X-37B After Landing
The Air Force’s X-37B–its secret robotic space plane that’s been orbiting the Earth on a mission shrouded in mystery for more than a year–landed safely in the wee hours Saturday morning at Vandenberg Air Force Base in California. Orbital Test Vehicle 2 (OTV-2) is the second X-37B test vehicle to successfully complete an orbital mission and autonomously return to Earth, following sister spacecraft OTV-1’s 225-day mission in 2010.
That original mission lasted 224 days, a figure that at the time was mind-blowing for a top secret robotic spaceplane. It led to wide speculation about what the X-37B’s are really capable of–the Air Force maintains that it is simply learning how to quickly recover and launch robotic spaceplanes, nothing more–as well as what their pickup-truck-sized cargo bays might be holding (the Air Force is silent on the latter point).
Regardless, OTV-2 just blew OTV-1 and even its own design parameters clean out of the water.

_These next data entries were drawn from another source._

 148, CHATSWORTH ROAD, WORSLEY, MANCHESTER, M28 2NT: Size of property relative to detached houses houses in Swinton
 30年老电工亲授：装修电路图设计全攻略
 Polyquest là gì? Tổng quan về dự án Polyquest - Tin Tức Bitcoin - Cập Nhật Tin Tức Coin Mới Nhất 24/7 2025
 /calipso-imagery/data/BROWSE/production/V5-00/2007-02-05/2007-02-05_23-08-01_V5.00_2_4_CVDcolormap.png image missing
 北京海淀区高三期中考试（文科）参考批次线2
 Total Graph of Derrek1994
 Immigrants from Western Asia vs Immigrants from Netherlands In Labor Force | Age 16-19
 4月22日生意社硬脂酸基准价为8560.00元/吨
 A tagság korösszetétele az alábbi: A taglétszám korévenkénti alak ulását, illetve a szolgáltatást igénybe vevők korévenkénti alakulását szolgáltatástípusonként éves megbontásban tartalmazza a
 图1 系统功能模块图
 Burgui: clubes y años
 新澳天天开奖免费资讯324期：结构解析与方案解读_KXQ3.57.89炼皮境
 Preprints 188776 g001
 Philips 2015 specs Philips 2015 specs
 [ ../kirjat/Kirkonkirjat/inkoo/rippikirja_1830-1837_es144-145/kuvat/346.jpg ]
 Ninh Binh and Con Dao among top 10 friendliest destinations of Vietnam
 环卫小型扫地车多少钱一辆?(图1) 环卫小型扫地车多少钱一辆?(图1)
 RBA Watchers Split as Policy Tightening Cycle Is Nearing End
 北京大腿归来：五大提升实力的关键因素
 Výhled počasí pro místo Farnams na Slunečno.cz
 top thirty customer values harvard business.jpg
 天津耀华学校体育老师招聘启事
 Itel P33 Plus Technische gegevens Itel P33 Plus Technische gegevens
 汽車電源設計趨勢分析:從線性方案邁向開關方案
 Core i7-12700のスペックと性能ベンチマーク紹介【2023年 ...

The most recent OTV mission lasted for 469 days on orbit, more than twice the length of OTV-1’s inaugural mission and surpassing its own 270-day mission profile by 199 days. So the 29-foot mini-shuttles are showing some serious promise, we’re just not sure what for.
If anything, this most recent mission is proof that the Air Force is getting somewhere with its stated goal for the orbiters. With OTV-2 on the ground, OTV-1 is already being prepped for another mission slated to launch later this year. The Air Force likely won’t be any more forthcoming about the payload or objectives of that mission either, but rumor has it that Boeing Phantom Works–maker of the X-37B–is exploring the possibility of building a larger version tentatively titled the X-37C that would be nearly twice as large and could carry up to six astronauts.